COLUMBIA — Two candidates for the 24th District State Representative seat are already bringing in thousands of dollars.
Republican incumbent Rep. Ed Robb, according to his Jan. 15 quarterly report, raised about $10,000 between Oct. 1 and Dec. 31. He’s raised about $15,000 total for the Aug. 5 primary and has spent $3,800.
Democrat Chris Kelly raised about $27,000 between Oct. 1 and Dec. 31. He’s raised about $42,000 total and has spent $6,000.
Kelly, who served six terms in the Missouri House from 1982 to 1994 in the 23rd and 26th Districts, said he has received funds from 280 separate donors.
Kelly said 88 percent of his contributions are from Boone County, and he intends to get more money from 24th district constituents. Phone calls, letters and fundraising events have boosted Kelly’s total.
A list of Kelly’s campaign contributors shows that he is supported by lawyers, academicians and a few current and former public officials. Several contributors are retired.
Retired Columbia volunteer Elizabeth Winnacker has financially supported Kelly’s campaign. Winnacker, who said she was raised as a Democrat but would support a good Republican candidate, said she gave money to Kelly “because I’ve known him and liked him for many years and I think he’s been an excellent public servant.”
MU political science emeritus professor Paul Wallace agrees.
“Chris Kelly was a really good member of the state legislature when he served there before,” Wallace said. “He has a really good grasp of issues and policies, and our particular points of view are very close. He’s very articulate and intelligent and doesn’t hesitate to express himself.”
Robb, who has served two terms in the Missouri House, said he has yet to host a fundraiser in this election cycle or ask for individuals to contribute. He said he thinks once his fundraisers start in a few weeks, he will have no problem passing Kelly’s total contributions.
So far, most of Robb’s contributors stem from political action committees, including the Missouri Health Care Association, according to his report to the Missouri Ethics Commission.
Robb’s advocates, such as the Missouri Soybean Association, said they think Robb has been a great MU supporter.
“Robb has done a lot of things for the long-term and the good of the state that we believe in, and we try to support those people we would like to see re-elected,” said executive director Dale Ludwig. He said the PAC tends to support candidates who are business-related, focusing on economic development.
However, some groups insist that a contribution to Robb’s campaign does not prevent them from giving to other candidates.

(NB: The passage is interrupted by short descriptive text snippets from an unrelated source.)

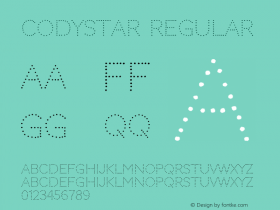 Codystar Version 1.0 Font Sample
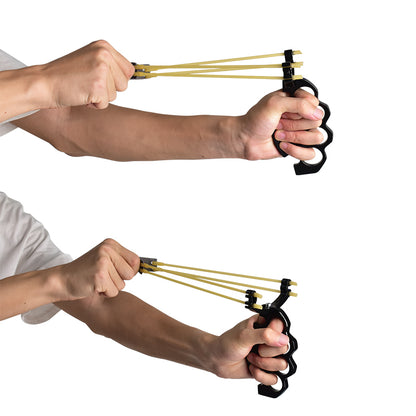 Outdoor Sports Catapult Hunting Powerful Metal Rubber Slingshot Catapult Hunter Wrist Support Brace Velocity Sling Shot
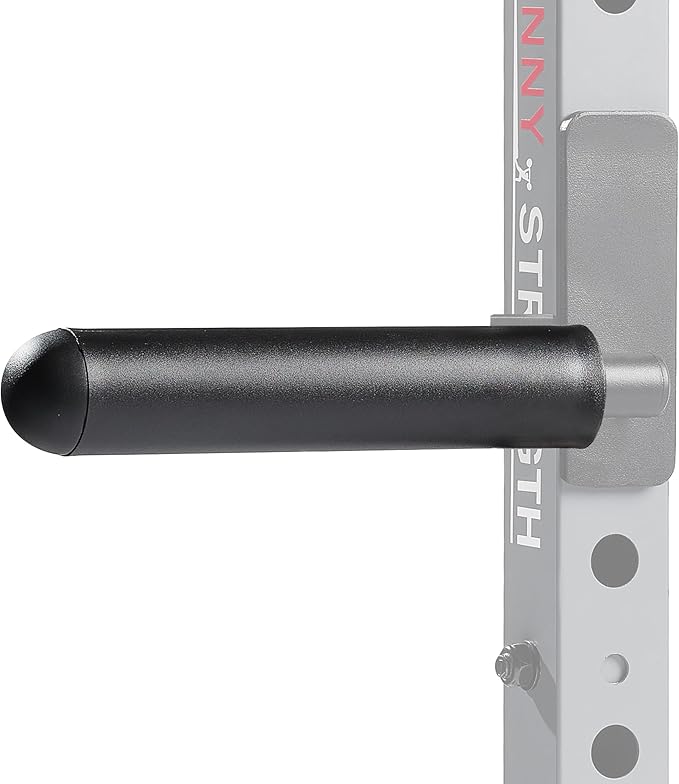 Sunny Health & Fitness Power Cage Squat Rack Upgrade Attachments, Dip Bar, Plate Bar Holder, Belt Squat, J Hook, Lat, Adapter, U Ring, Pull Up Bar, Landmine, Captain's Chair, Tricep Rope For Home Gym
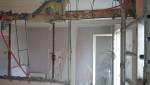 Ouverture du mur cuisine-salon - Travaux en cours
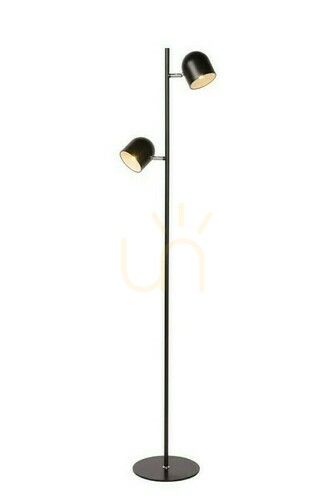 Sprawdź Lampa podłogowa Lucide SKANSKA-LED czarna metalowa 2xLED 5W 3000K 141 cm 03703/10/30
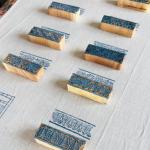 Hand-Carved Floral Border Block Stamp Set (5 Pieces) | Wood Printing Blocks for Fabric, Paper & Clay | Indian Textile Tools | Boho Design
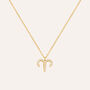 Collana Radiance Acciaio Dorato Cubic Zirconia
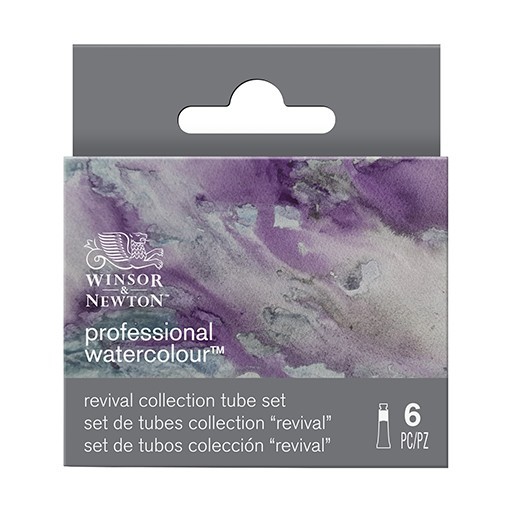 WINSOR & NEWTON ACQUERELLO PROFESSIONAL SET REVIVAL 6 TUBETTI 5 ML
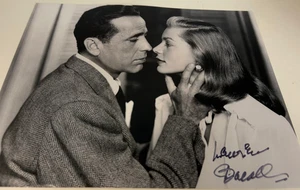 LAUREN BACALL (1924-2014) FOTO AUTOGRAFO 8x10 firmato a mano! Humphrey Bogart - Foto 1 di 2
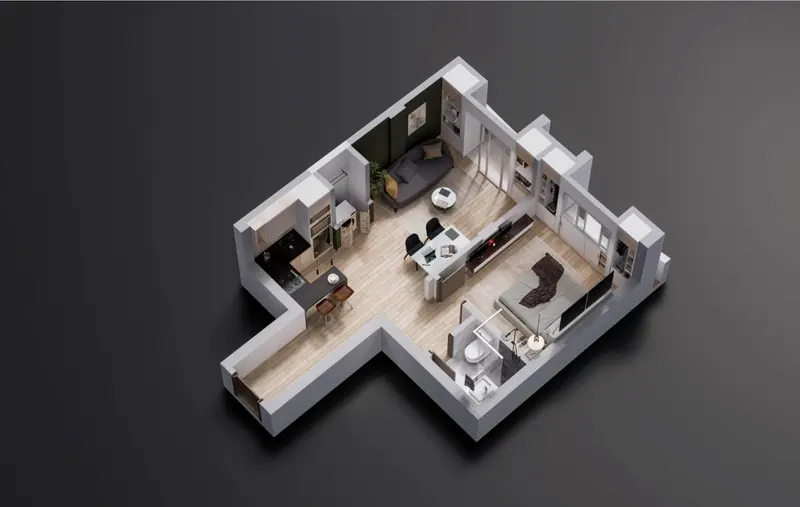 Departamento de 1 dormitorio en preventa en el condominio Tribu Urbana: foto 7 de 9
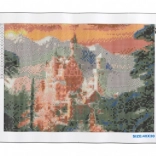 Broderie diamant NORIMPEX – Neuschwanstein en hiver 30 × 40 cm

“We are a bipartisan organization,” said Jon Dolan, executive director for the Missouri Health Care Association, who gave $325 to Robb’s campaign. Dolan said the Health Care Association is willing to make contributions on both sides of the aisle, sometimes even in the same race.
Robb’s race against Democrat Jim Ritter, former superintendent of Columbia Public Schools, in 2006 turned out to be the most expensive state representative contest in state history. Combined, the candidates for the 24th District seat raised more than $325,000.